++++ Data excerpts

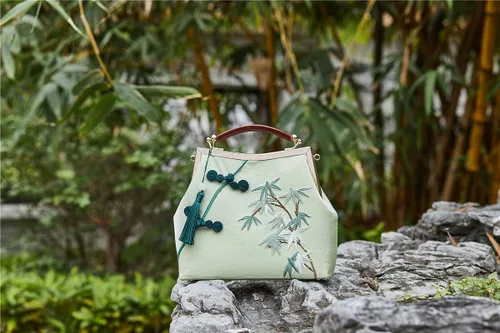 Vista 7 de Bolso bordado clásico chino para mujer, bolso de mano con borla y colgante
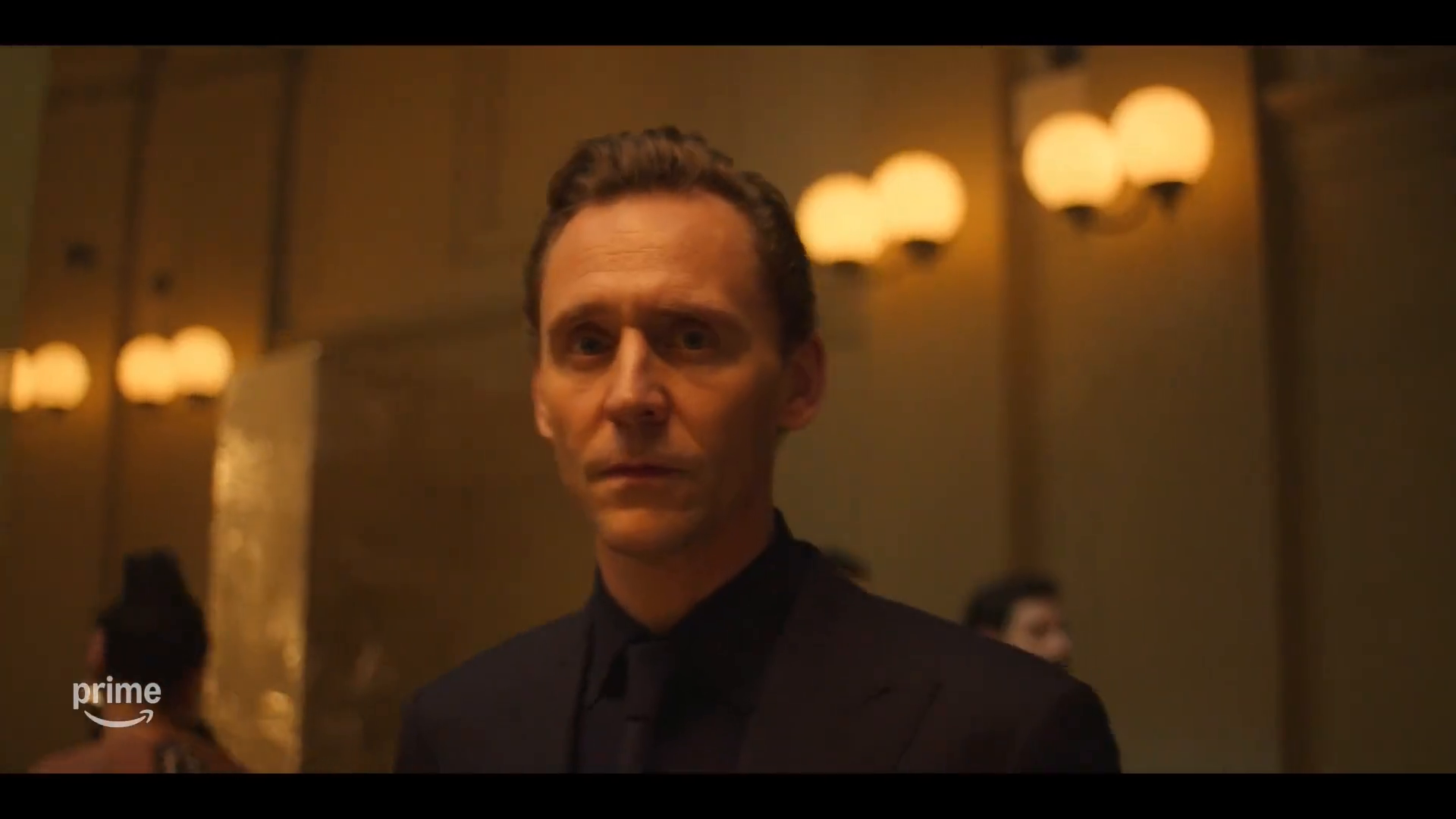 Tom Hiddleston vuelve a The Night Manager tras casi una década de ausencia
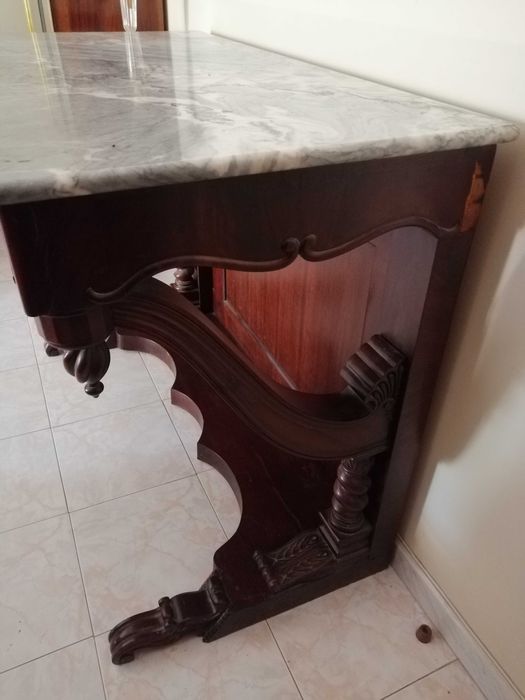 Consola antiga c/ tampo mármore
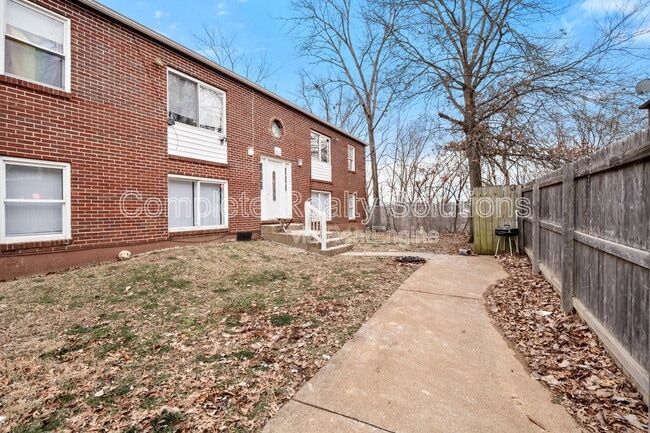 Building Photo - 318 Mt Everest Dr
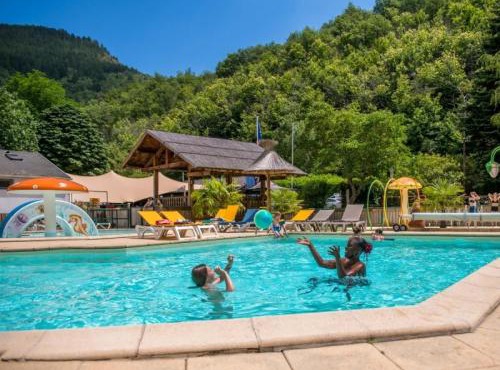 ZEcamping 3 club enfant équitation piscine chauffée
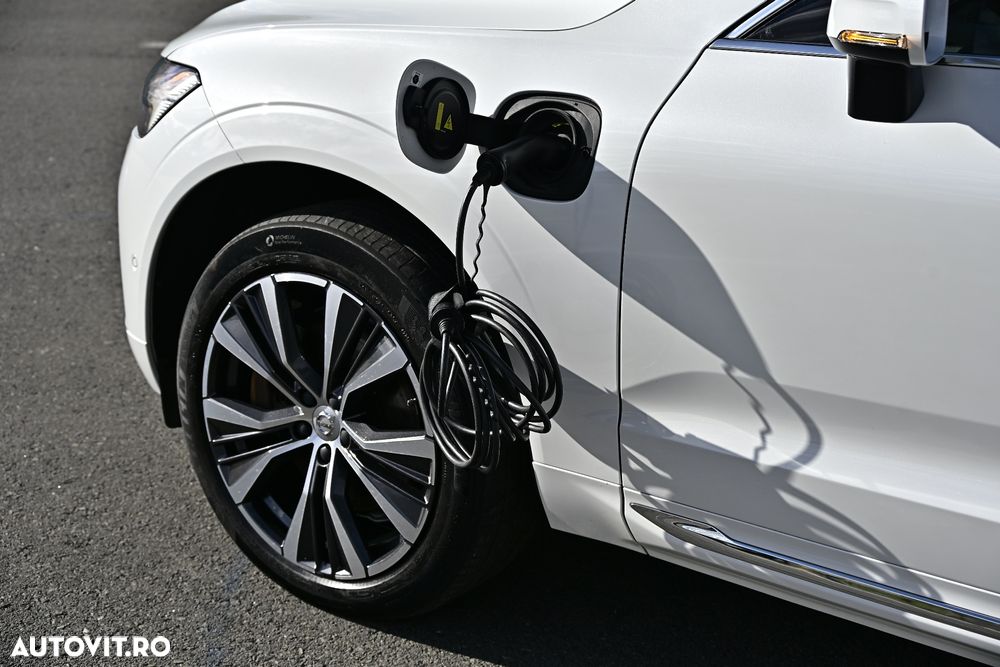Volvo XC 60 T8 AWD Recharge Geartronic Inscription - 36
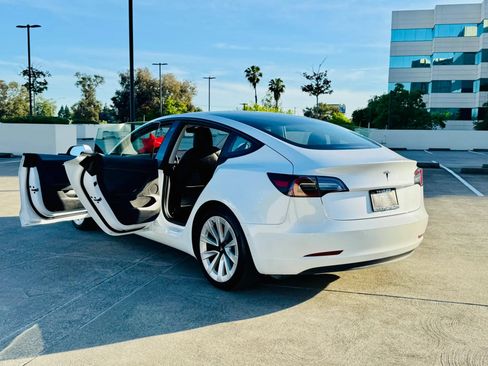 Used 2021 Tesla Model 3 Standard Range Plus RWD image 39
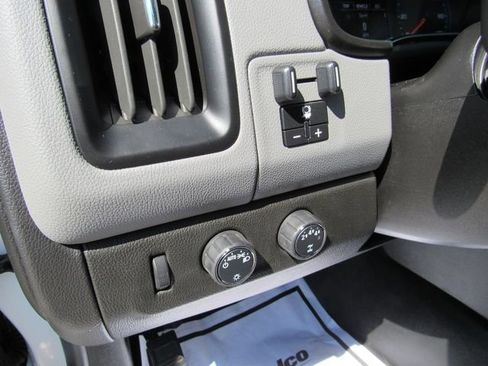 Used 2022 Chevrolet Colorado W/T w/ WT Convenience Package AWD/4WD image 15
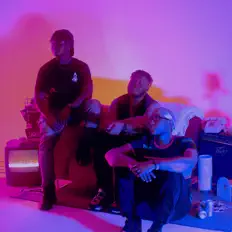 New Solution을(를) 듣고, 뮤직 비디오를 보고, 약력을 읽고, 투어 일정 등을 확인하세요!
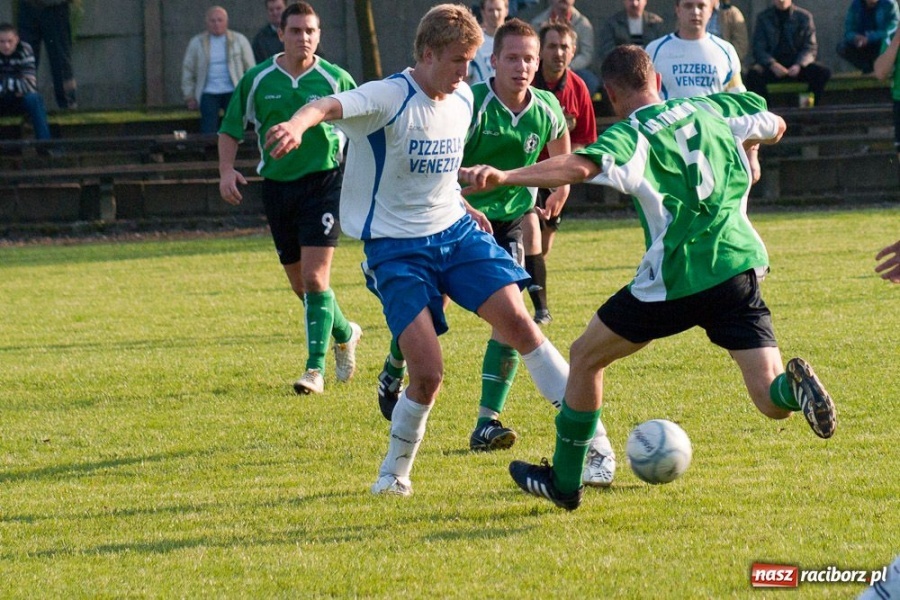 Zdjęcie w galerii na portalu naszraciborz.pl: Tworków nie złamał kuźniańskiej Stali wiadomości z regionu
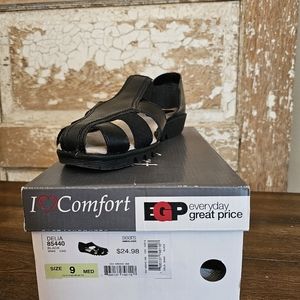 I Love Comfort Women's Leather Delia Black Fisherman Sandal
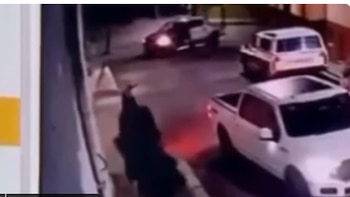 Presuntamente unos policías huyeron al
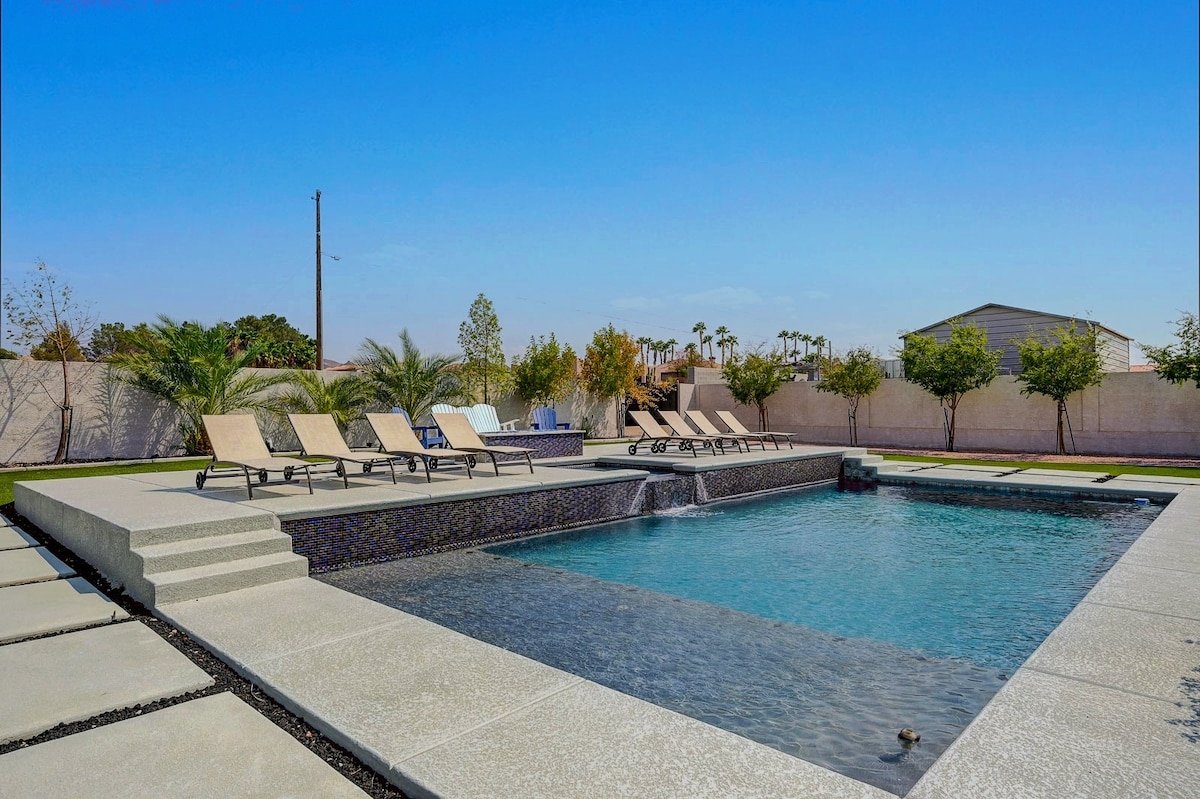 Vegas Luxury Villa, Pool, Spa, Games. Sleeps 2-12 gallery image 3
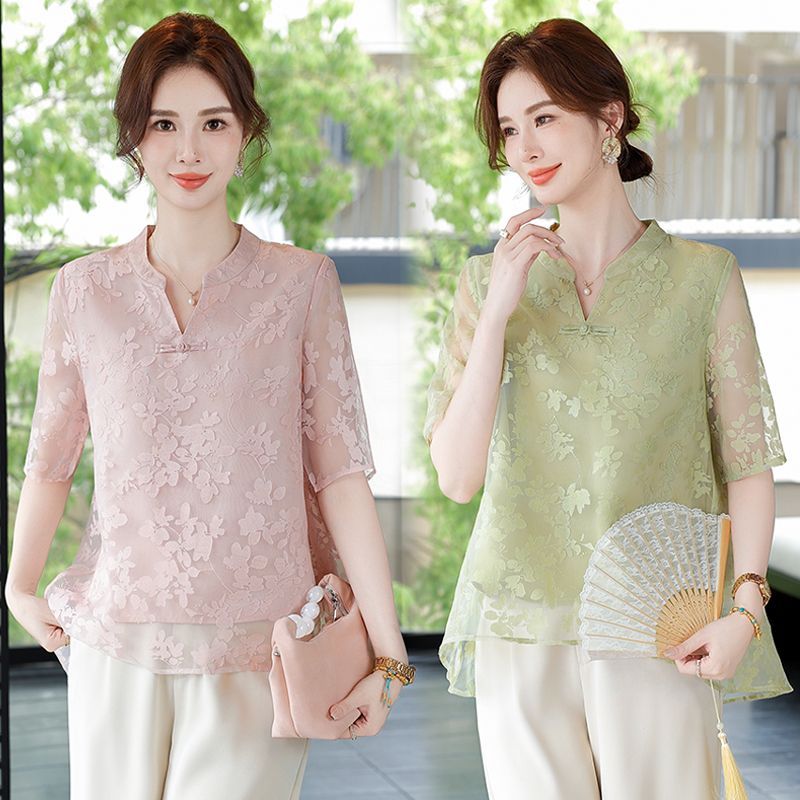 Women Fashion Over 60 - Zomerse modieuze loszittende T-shirt met korte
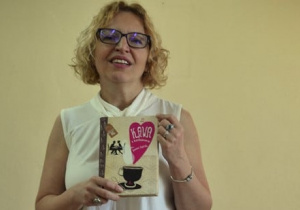 Na zdjęciu Joanna Jagieło trzymająca w rekach ksiażkę swojego autorstwa pt. " Kawa z Chili"
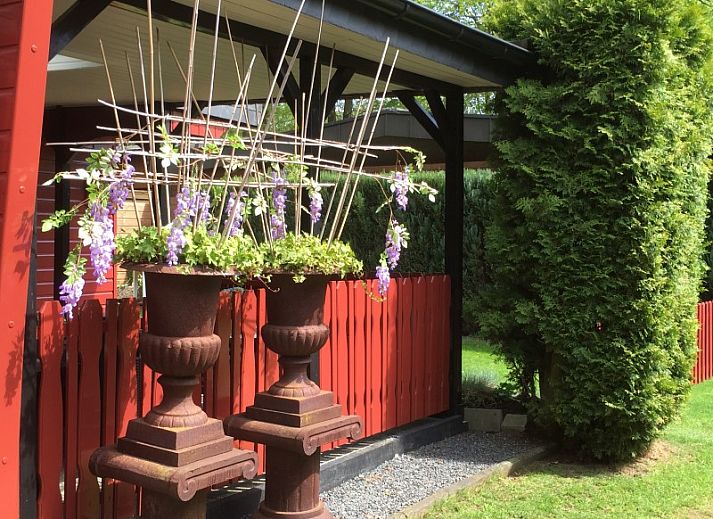 berdachte Veranda des Ferienhauses in Winterswijk, Achterhoek, mit gemtlicher Sitzecke und Gartenblick.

++++++++

Directions:
When you come to the line containing "Women Fashion Over" in the records above, repeat that line and all lines after it exactly, but not the pictures.

The answer:
 Women Fashion Over 60 - Zomerse modieuze loszittende T-shirt met korte
 Na zdjęciu Joanna Jagieło trzymająca w rekach ksiażkę swojego autorstwa pt. " Kawa z Chili"
 berdachte Veranda des Ferienhauses in Winterswijk, Achterhoek, mit gemtlicher Sitzecke und Gartenblick.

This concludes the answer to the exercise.